## What the task asks:
Every record that follows should be output exactly as it is given.

Crawled caption data

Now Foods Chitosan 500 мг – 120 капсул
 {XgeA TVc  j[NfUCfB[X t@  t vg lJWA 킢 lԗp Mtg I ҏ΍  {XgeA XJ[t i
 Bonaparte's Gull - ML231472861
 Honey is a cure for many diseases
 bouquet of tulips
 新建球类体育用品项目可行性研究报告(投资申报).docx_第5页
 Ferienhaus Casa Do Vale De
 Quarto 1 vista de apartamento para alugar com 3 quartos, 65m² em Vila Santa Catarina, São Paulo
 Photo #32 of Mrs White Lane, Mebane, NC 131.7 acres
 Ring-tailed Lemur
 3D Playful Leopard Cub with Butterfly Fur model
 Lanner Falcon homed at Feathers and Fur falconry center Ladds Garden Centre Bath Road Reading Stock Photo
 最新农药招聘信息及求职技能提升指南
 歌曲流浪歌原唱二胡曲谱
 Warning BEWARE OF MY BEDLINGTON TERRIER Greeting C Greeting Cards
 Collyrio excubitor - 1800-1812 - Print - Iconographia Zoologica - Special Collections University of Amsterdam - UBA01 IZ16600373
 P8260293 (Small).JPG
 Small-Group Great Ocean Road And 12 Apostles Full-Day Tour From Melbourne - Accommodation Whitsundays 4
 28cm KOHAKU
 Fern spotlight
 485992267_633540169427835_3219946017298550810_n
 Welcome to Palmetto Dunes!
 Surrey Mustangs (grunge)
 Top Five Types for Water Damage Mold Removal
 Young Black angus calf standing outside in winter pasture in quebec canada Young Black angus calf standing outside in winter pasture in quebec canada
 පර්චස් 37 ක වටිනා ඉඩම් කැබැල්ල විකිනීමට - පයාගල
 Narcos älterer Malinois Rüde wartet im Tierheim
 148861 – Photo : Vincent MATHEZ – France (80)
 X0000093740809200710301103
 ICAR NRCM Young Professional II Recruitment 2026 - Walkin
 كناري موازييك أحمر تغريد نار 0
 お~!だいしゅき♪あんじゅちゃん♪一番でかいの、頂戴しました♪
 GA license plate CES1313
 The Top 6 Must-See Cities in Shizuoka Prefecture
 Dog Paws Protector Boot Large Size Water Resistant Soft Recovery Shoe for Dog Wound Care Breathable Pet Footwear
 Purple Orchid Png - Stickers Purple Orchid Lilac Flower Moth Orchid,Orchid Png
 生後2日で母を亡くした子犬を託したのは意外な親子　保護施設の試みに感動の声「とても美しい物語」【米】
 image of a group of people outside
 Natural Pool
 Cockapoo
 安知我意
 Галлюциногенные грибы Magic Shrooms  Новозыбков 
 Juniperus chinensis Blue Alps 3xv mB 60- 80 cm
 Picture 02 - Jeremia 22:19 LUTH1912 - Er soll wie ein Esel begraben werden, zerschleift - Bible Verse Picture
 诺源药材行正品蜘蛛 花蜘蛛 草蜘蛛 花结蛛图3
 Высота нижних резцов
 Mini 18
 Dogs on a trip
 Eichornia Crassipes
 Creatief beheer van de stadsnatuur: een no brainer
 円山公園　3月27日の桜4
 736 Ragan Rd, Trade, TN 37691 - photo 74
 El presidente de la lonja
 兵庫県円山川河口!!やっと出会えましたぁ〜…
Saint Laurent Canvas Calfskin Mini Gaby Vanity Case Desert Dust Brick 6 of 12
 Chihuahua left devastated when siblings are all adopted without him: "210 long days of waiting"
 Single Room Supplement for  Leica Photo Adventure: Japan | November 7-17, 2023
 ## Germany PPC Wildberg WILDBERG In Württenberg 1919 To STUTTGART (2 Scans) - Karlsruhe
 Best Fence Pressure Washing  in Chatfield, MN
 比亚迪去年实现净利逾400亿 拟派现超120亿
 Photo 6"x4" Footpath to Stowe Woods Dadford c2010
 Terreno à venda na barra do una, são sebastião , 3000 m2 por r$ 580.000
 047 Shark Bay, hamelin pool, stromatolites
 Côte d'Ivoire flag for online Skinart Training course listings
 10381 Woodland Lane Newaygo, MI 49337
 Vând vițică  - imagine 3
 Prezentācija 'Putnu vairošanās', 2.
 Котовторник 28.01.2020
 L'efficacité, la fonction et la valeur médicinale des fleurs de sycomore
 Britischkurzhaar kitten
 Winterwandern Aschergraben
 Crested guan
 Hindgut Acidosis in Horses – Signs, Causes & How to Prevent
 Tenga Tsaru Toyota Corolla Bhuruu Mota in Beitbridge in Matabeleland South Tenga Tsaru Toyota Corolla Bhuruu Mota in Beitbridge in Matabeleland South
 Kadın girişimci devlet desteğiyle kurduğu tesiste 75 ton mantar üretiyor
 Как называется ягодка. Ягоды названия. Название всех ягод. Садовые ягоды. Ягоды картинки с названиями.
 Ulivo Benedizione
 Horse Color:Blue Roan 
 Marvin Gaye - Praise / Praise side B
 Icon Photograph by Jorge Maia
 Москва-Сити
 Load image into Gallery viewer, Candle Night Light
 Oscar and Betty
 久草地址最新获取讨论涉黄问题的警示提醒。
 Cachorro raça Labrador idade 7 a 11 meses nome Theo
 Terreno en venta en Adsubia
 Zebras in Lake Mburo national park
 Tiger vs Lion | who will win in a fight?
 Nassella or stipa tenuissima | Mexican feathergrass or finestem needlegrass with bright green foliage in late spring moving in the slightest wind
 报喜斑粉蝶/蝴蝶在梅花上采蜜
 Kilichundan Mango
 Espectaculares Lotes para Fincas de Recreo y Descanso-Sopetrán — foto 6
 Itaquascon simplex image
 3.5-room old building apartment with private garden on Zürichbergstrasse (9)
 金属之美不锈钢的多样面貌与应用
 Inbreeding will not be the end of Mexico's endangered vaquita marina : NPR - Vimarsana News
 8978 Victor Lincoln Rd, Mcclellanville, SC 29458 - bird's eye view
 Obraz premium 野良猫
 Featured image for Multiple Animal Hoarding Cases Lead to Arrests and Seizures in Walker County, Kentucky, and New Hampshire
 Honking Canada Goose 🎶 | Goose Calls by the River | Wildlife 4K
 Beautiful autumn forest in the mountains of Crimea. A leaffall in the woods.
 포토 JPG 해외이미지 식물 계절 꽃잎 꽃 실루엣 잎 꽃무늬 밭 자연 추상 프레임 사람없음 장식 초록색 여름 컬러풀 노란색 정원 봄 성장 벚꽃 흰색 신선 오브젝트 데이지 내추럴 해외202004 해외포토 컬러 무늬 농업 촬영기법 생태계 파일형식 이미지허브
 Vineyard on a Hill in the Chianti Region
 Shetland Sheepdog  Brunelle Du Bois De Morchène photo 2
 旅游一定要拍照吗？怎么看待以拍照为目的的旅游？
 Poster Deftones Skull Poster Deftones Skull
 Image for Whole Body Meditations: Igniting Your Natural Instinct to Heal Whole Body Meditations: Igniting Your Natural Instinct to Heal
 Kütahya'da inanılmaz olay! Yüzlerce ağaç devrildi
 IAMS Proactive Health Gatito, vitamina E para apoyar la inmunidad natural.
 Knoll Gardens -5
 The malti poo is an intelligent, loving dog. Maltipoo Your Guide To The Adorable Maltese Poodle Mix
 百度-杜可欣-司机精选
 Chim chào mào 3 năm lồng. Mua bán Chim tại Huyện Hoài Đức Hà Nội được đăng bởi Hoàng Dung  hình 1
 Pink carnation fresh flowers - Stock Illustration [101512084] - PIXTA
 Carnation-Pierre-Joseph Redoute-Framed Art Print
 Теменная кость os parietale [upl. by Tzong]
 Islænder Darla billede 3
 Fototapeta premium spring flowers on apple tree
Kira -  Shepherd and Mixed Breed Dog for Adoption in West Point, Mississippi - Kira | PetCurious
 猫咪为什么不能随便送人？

## Task response:
Now Foods Chitosan 500 мг – 120 капсул
 {XgeA TVc  j[NfUCfB[X t@  t vg lJWA 킢 lԗp Mtg I ҏ΍  {XgeA XJ[t i
 Bonaparte's Gull - ML231472861
 Honey is a cure for many diseases
 bouquet of tulips
 新建球类体育用品项目可行性研究报告(投资申报).docx_第5页
 Ferienhaus Casa Do Vale De
 Quarto 1 vista de apartamento para alugar com 3 quartos, 65m² em Vila Santa Catarina, São Paulo
 Photo #32 of Mrs White Lane, Mebane, NC 131.7 acres
 Ring-tailed Lemur
 3D Playful Leopard Cub with Butterfly Fur model
 Lanner Falcon homed at Feathers and Fur falconry center Ladds Garden Centre Bath Road Reading Stock Photo
 最新农药招聘信息及求职技能提升指南
 歌曲流浪歌原唱二胡曲谱
 Warning BEWARE OF MY BEDLINGTON TERRIER Greeting C Greeting Cards
 Collyrio excubitor - 1800-1812 - Print - Iconographia Zoologica - Special Collections University of Amsterdam - UBA01 IZ16600373
 P8260293 (Small).JPG
 Small-Group Great Ocean Road And 12 Apostles Full-Day Tour From Melbourne - Accommodation Whitsundays 4
 28cm KOHAKU
 Fern spotlight
 485992267_633540169427835_3219946017298550810_n
 Welcome to Palmetto Dunes!
 Surrey Mustangs (grunge)
 Top Five Types for Water Damage Mold Removal
 Young Black angus calf standing outside in winter pasture in quebec canada Young Black angus calf standing outside in winter pasture in quebec canada
 පර්චස් 37 ක වටිනා ඉඩම් කැබැල්ල විකිනීමට - පයාගල
 Narcos älterer Malinois Rüde wartet im Tierheim
 148861 – Photo : Vincent MATHEZ – France (80)
 X0000093740809200710301103
 ICAR NRCM Young Professional II Recruitment 2026 - Walkin
 كناري موازييك أحمر تغريد نار 0
 お~!だいしゅき♪あんじゅちゃん♪一番でかいの、頂戴しました♪
 GA license plate CES1313
 The Top 6 Must-See Cities in Shizuoka Prefecture
 Dog Paws Protector Boot Large Size Water Resistant Soft Recovery Shoe for Dog Wound Care Breathable Pet Footwear
 Purple Orchid Png - Stickers Purple Orchid Lilac Flower Moth Orchid,Orchid Png
 生後2日で母を亡くした子犬を託したのは意外な親子　保護施設の試みに感動の声「とても美しい物語」【米】
 image of a group of people outside
 Natural Pool
 Cockapoo
 安知我意
 Галлюциногенные грибы Magic Shrooms  Новозыбков 
 Juniperus chinensis Blue Alps 3xv mB 60- 80 cm
 Picture 02 - Jeremia 22:19 LUTH1912 - Er soll wie ein Esel begraben werden, zerschleift - Bible Verse Picture
 诺源药材行正品蜘蛛 花蜘蛛 草蜘蛛 花结蛛图3
 Высота нижних резцов
 Mini 18
 Dogs on a trip
 Eichornia Crassipes
 Creatief beheer van de stadsnatuur: een no brainer
 円山公園　3月27日の桜4
 736 Ragan Rd, Trade, TN 37691 - photo 74
 El presidente de la lonja
 兵庫県円山川河口!!やっと出会えましたぁ〜…
Saint Laurent Canvas Calfskin Mini Gaby Vanity Case Desert Dust Brick 6 of 12
 Chihuahua left devastated when siblings are all adopted without him: "210 long days of waiting"
 Single Room Supplement for  Leica Photo Adventure: Japan | November 7-17, 2023
 ## Germany PPC Wildberg WILDBERG In Württenberg 1919 To STUTTGART (2 Scans) - Karlsruhe
 Best Fence Pressure Washing  in Chatfield, MN
 比亚迪去年实现净利逾400亿 拟派现超120亿
 Photo 6"x4" Footpath to Stowe Woods Dadford c2010
 Terreno à venda na barra do una, são sebastião , 3000 m2 por r$ 580.000
 047 Shark Bay, hamelin pool, stromatolites
 Côte d'Ivoire flag for online Skinart Training course listings
 10381 Woodland Lane Newaygo, MI 49337
 Vând vițică  - imagine 3
 Prezentācija 'Putnu vairošanās', 2.
 Котовторник 28.01.2020
 L'efficacité, la fonction et la valeur médicinale des fleurs de sycomore
 Britischkurzhaar kitten
 Winterwandern Aschergraben
 Crested guan
 Hindgut Acidosis in Horses – Signs, Causes & How to Prevent
 Tenga Tsaru Toyota Corolla Bhuruu Mota in Beitbridge in Matabeleland South Tenga Tsaru Toyota Corolla Bhuruu Mota in Beitbridge in Matabeleland South
 Kadın girişimci devlet desteğiyle kurduğu tesiste 75 ton mantar üretiyor
 Как называется ягодка. Ягоды названия. Название всех ягод. Садовые ягоды. Ягоды картинки с названиями.
 Ulivo Benedizione
 Horse Color:Blue Roan 
 Marvin Gaye - Praise / Praise side B
 Icon Photograph by Jorge Maia
 Москва-Сити
 Load image into Gallery viewer, Candle Night Light
 Oscar and Betty
 久草地址最新获取讨论涉黄问题的警示提醒。
 Cachorro raça Labrador idade 7 a 11 meses nome Theo
 Terreno en venta en Adsubia
 Zebras in Lake Mburo national park
 Tiger vs Lion | who will win in a fight?
 Nassella or stipa tenuissima | Mexican feathergrass or finestem needlegrass with bright green foliage in late spring moving in the slightest wind
 报喜斑粉蝶/蝴蝶在梅花上采蜜
 Kilichundan Mango
 Espectaculares Lotes para Fincas de Recreo y Descanso-Sopetrán — foto 6
 Itaquascon simplex image
 3.5-room old building apartment with private garden on Zürichbergstrasse (9)
 金属之美不锈钢的多样面貌与应用
 Inbreeding will not be the end of Mexico's endangered vaquita marina : NPR - Vimarsana News
 8978 Victor Lincoln Rd, Mcclellanville, SC 29458 - bird's eye view
 Obraz premium 野良猫
 Featured image for Multiple Animal Hoarding Cases Lead to Arrests and Seizures in Walker County, Kentucky, and New Hampshire
 Honking Canada Goose 🎶 | Goose Calls by the River | Wildlife 4K
 Beautiful autumn forest in the mountains of Crimea. A leaffall in the woods.
 포토 JPG 해외이미지 식물 계절 꽃잎 꽃 실루엣 잎 꽃무늬 밭 자연 추상 프레임 사람없음 장식 초록색 여름 컬러풀 노란색 정원 봄 성장 벚꽃 흰색 신선 오브젝트 데이지 내추럴 해외202004 해외포토 컬러 무늬 농업 촬영기법 생태계 파일형식 이미지허브
 Vineyard on a Hill in the Chianti Region
 Shetland Sheepdog  Brunelle Du Bois De Morchène photo 2
 旅游一定要拍照吗？怎么看待以拍照为目的的旅游？
 Poster Deftones Skull Poster Deftones Skull
 Image for Whole Body Meditations: Igniting Your Natural Instinct to Heal Whole Body Meditations: Igniting Your Natural Instinct to Heal
 Kütahya'da inanılmaz olay! Yüzlerce ağaç devrildi
 IAMS Proactive Health Gatito, vitamina E para apoyar la inmunidad natural.
 Knoll Gardens -5
 The malti poo is an intelligent, loving dog. Maltipoo Your Guide To The Adorable Maltese Poodle Mix
 百度-杜可欣-司机精选
 Chim chào mào 3 năm lồng. Mua bán Chim tại Huyện Hoài Đức Hà Nội được đăng bởi Hoàng Dung  hình 1
 Pink carnation fresh flowers - Stock Illustration [101512084] - PIXTA
 Carnation-Pierre-Joseph Redoute-Framed Art Print
 Теменная кость os parietale [upl. by Tzong]
 Islænder Darla billede 3
 Fototapeta premium spring flowers on apple tree
Kira -  Shepherd and Mixed Breed Dog for Adoption in West Point, Mississippi - Kira | PetCurious
 猫咪为什么不能随便送人？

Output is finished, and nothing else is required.